The pitch for AI revolutionizing material discovery and development is both straightforward and tantalizing: 

  • The materials that underpin our modern world were discovered through decades of painstaking trial and error, often relying on experienced researchers’ intuition and accumulated knowledge. 

  • Using ever-advancing AI techniques and more powerful computers, researchers can compress those decades to months by identifying novel compounds and better predicting their characteristics. 

  • These new compounds will lead to a wave of new products that are better, cheaper, and have a lower carbon footprint than their predecessors. 

Unfortunately, the reality is significantly more complicated.

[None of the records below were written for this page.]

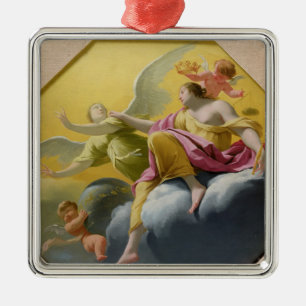 Recht, uit een reeks van Vier Kardinaal Metalen Ornament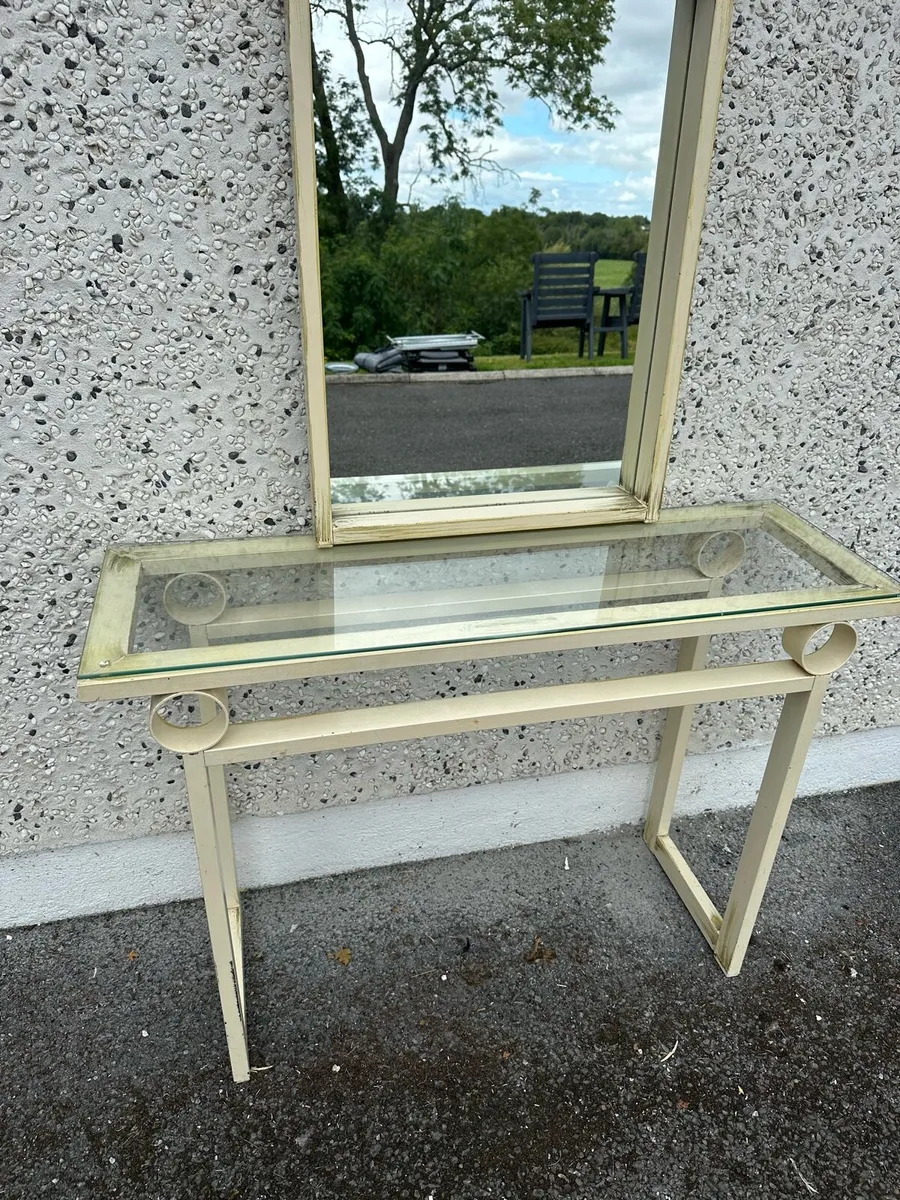 Al frank table and mirror - Image 2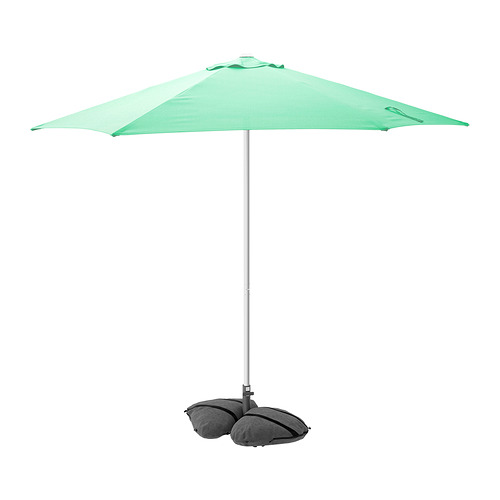 IGGÖN/HÖGÖN parasol with base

Experts consistently told us that AI tools focusing on discovering potential new compounds only address a small portion of what it takes to bring new materials to market – maybe 10%-20%. The rest of the journey involves identifying viable synthesis pathways, scaling those synthesis pathways, optimizing the resulting processes, developing supply chains, and integrating new materials into devices. The latter parts of this process can still take 10+ years. To truly advance the commercialization of new materials, this remaining 80% must also be addressed.  

So where should startups and investors looking to unleash the next wave of materials put their time and capital? Below, we explore in more detail the barriers that remain for developing and scaling the next generation of materials, as well as the opportunities to address them. 


Key takeaways

  • AI focused solely on material discovery isn’t sufficient to bring new materials to market effectively. Instead, there must be more focus downstream on efficient synthesis, scalable manufacturing, and integration into end-use products.

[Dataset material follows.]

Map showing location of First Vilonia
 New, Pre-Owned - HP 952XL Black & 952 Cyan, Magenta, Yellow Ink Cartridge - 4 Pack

  • A major limiting factor for AI for materials discovery is insufficient datasets. Companies who are able to develop proprietary, robust datasets will hold a distinct advantage. Autonomous labs and synthetic data are two solutions today, and we expect other creative approaches in the future.

  • Business models that allow companies to capture value commensurate with their contribution will be key. While we believe innovative business models will emerge, we’ve seen some companies opt to become fully integrated material developers in order to ensure they can capture all of the value from their material discovery and formulations.

If you’re an early-stage startup founder building software to unlock the next generation of materials, or if you’ve also been closely looking at the intersection of AI and material development, we’d love to hear from you! Contact us.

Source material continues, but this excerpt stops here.